Obligation of Confidentiality.  Piancone acknowledges that a confidential relationship exists between Piancone and Avasoft by virtue of the relationship contemplated by this Agreement.  Piancone acknowledges and agrees that all Avasoft Information is confidential and proprietary to Avasoft.  Piancone agrees to hold all Avasoft Information in strict confidence and agrees not to disclose any such information to others or use such information in any way, commercially or otherwise, either before or after the termination or expiration of this Agreement, without the prior written consent of the Avasoft.  Piancone further agrees to take all action necessary to protect the confidentiality and proprietary nature of Avasoft Information, and to prevent the unauthorized use for copying of such information.  Upon the expiration or termination of this Agreement, Piancone shall return all written, recorded or machine readable Avasoft Information and all copies thereof to Avasoft.  Avasoft's obligations under this Section 9.1 shall survive this Agreement for as long as is legally permissible under the laws of the Territory or the laws of the State of California, whichever is longer in duration.  Piancone shall take all reasonable steps to prevent its employers and all other persons from disclosing any Avasoft Information to third parties.

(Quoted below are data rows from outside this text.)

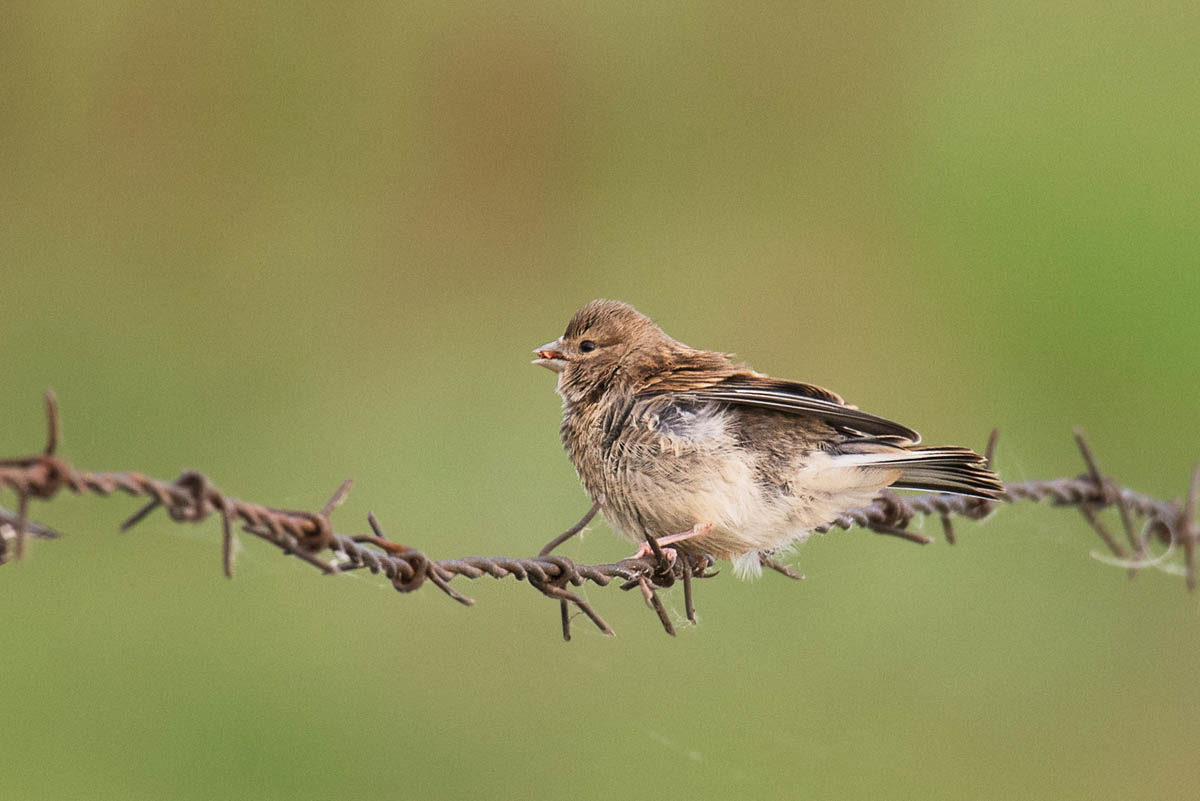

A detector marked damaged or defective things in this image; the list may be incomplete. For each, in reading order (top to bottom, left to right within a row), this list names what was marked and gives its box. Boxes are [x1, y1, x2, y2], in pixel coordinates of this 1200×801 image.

rusty barbed wire [0, 390, 1195, 633] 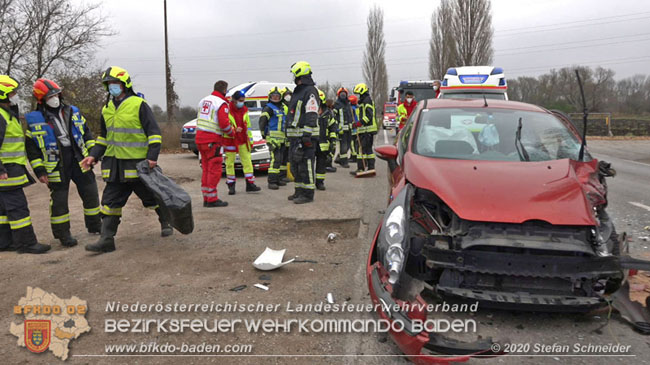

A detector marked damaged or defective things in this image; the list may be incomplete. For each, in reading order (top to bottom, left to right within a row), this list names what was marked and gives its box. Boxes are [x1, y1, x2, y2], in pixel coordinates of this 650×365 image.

crumpled hood [402, 151, 600, 225]
damaged red car [368, 98, 644, 362] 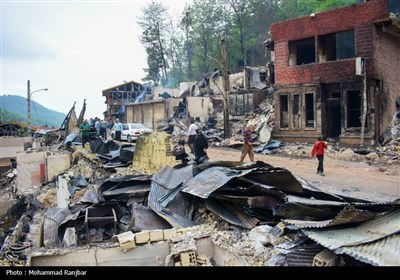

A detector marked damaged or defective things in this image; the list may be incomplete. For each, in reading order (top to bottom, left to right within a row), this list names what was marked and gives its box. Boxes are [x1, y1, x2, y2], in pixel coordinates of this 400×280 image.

burned building [268, 0, 400, 148] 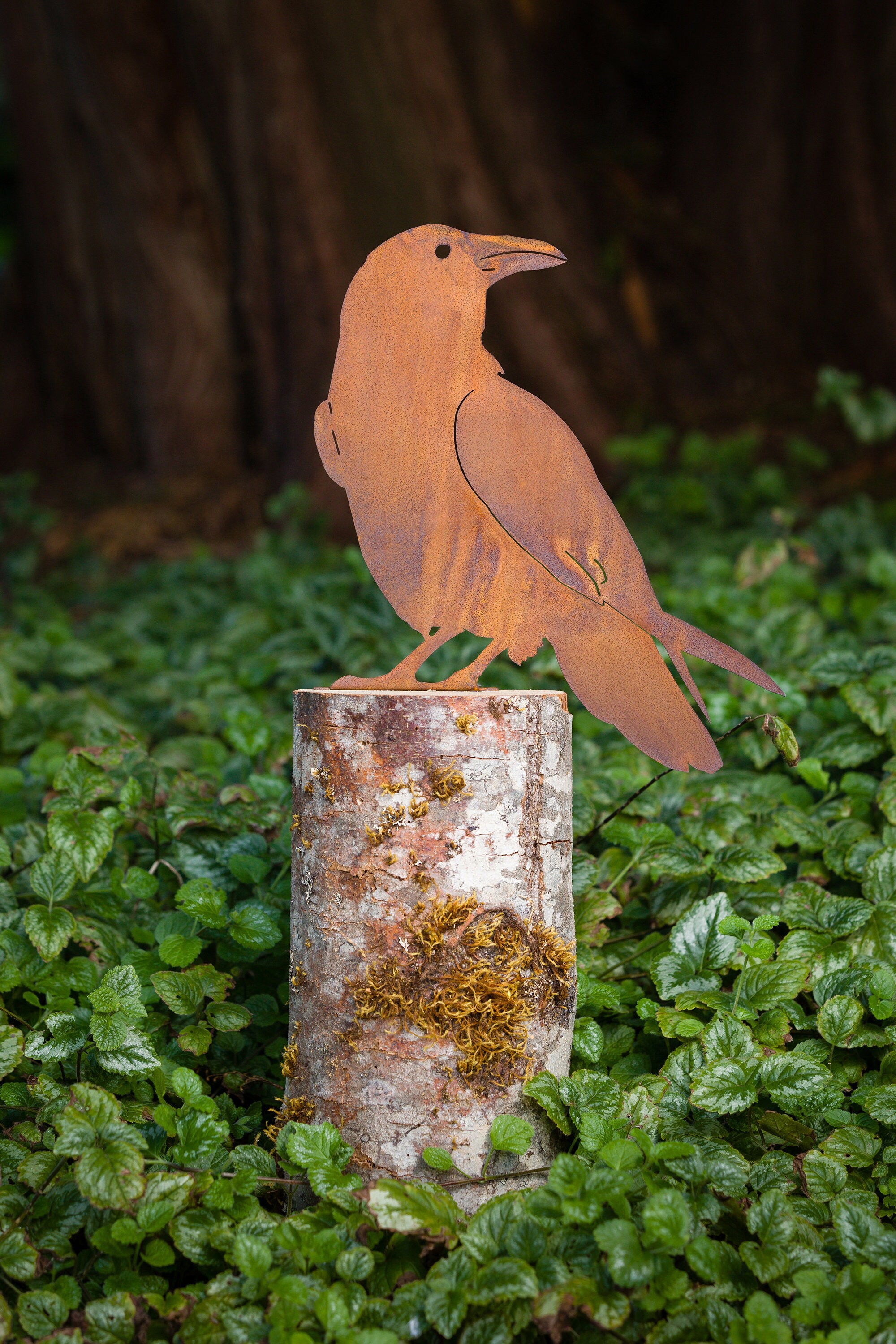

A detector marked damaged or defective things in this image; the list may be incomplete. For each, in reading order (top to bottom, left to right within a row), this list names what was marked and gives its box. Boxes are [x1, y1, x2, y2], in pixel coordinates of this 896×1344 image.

rusty metal raven [315, 227, 778, 774] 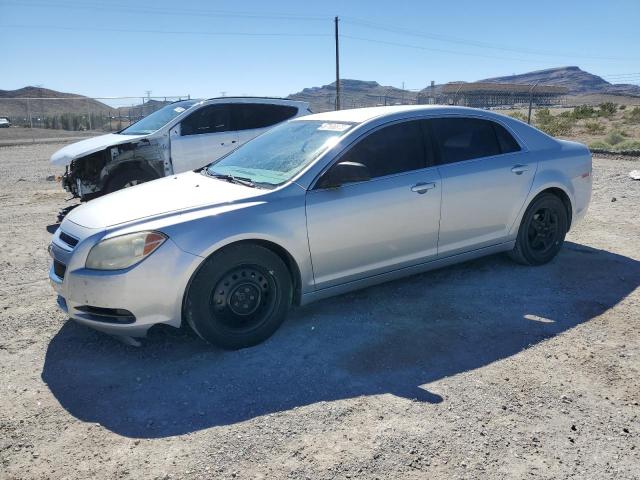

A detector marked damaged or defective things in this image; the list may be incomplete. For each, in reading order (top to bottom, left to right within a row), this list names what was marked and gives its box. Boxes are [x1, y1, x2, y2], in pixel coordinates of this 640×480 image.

damaged white suv [50, 97, 310, 201] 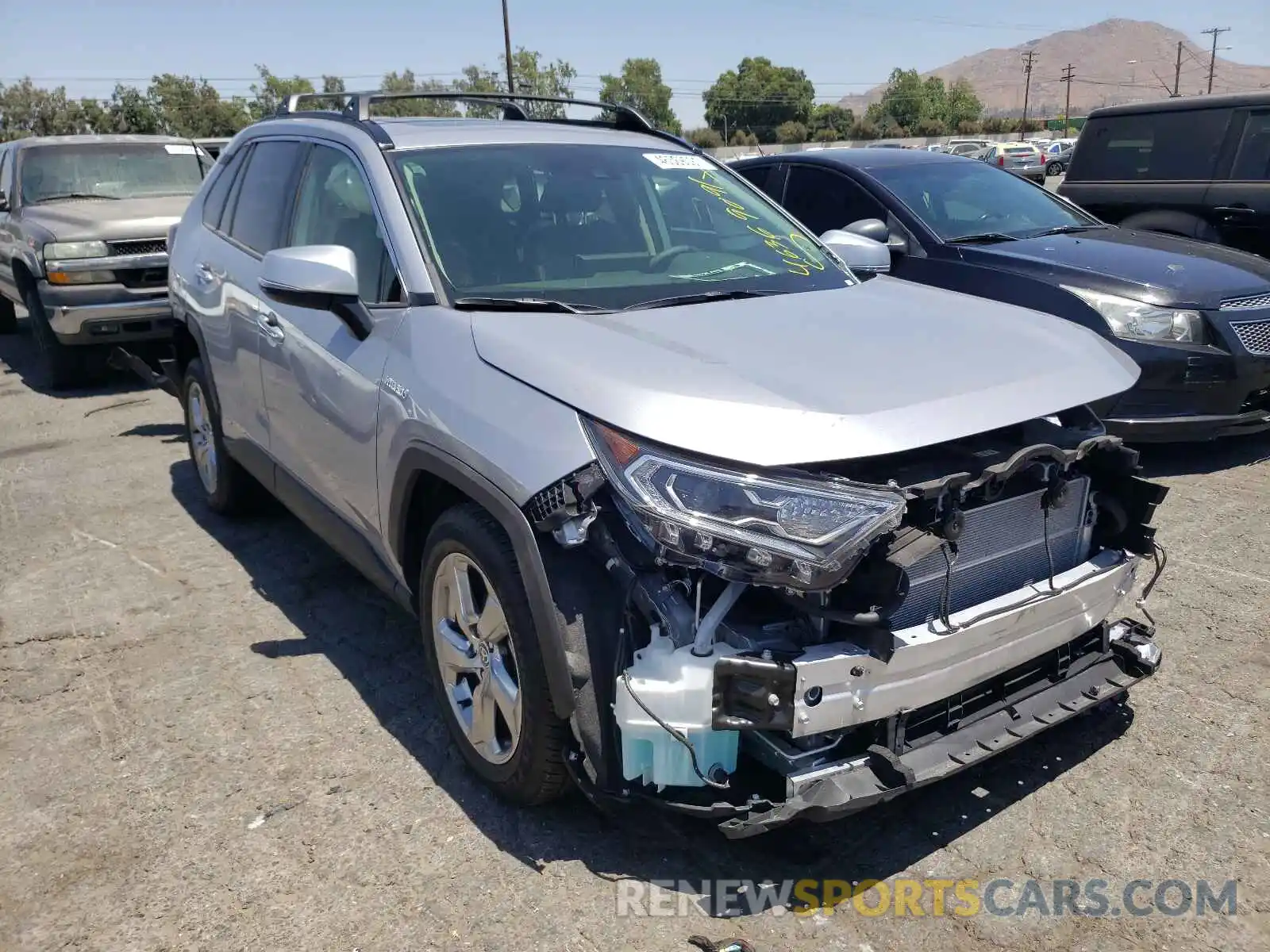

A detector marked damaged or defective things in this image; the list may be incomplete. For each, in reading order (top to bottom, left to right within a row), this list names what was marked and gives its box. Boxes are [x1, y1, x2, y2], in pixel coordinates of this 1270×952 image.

Avasoft acknowledges that a confidential relationship exists between Avasoft and Piancone by virtue of the relationship contemplated by this Agreement.  Avasoft acknowledges and agrees that all Piancone Information is confidential and proprietary to Piancone.  Avasoft agrees to hold all Piancone Information in strict confidence and agrees not to disclose any such information to others or use such information in any way, commercially or otherwise, either before or after the termination or expiration of this Agreement, without the prior written consent of the Piancone.  Avasoft further agrees to take all action necessary to protect the confidentiality and proprietary nature of Piancone Information, and to prevent the unauthorized use for copying of such information.  Upon the expiration or termination of this Agreement, Avasoft shall return all written, recorded or machine readable Piancone Information and all copies thereof to Piancone.  Piancone's obligations under this Section 9.1 shall survive this Agreement for as long as is legally permissible under the laws of the Territory or the laws of the State of California, whichever is longer in duration.  Avasoft shall take all reasonable steps to prevent its employers and all other persons from disclosing any Piancone Information to third parties.


9.2

Exceptions to Obligation of Confidentiality.  The obligations of the parties as set forth in Section 9.1 hereof shall not apply to information which (i) at or prior to the time of disclosure or thereafter was or becomes publicly available through no fault of the acquiring party; (ii) was rightfully acquired, as evidenced in writing from a third party subsequent to disclosure who was not, to the knowledge of the acquiring party, in breach of a confidential relationship to Avasoft or Piancone; (iii) was legally in possession of the information of the acquiring party prior to the time of the disclosure as evidenced in the writing, or (iv) is required to be disclosed by law or any binding judgment, order or requirement of any court or other competent authority.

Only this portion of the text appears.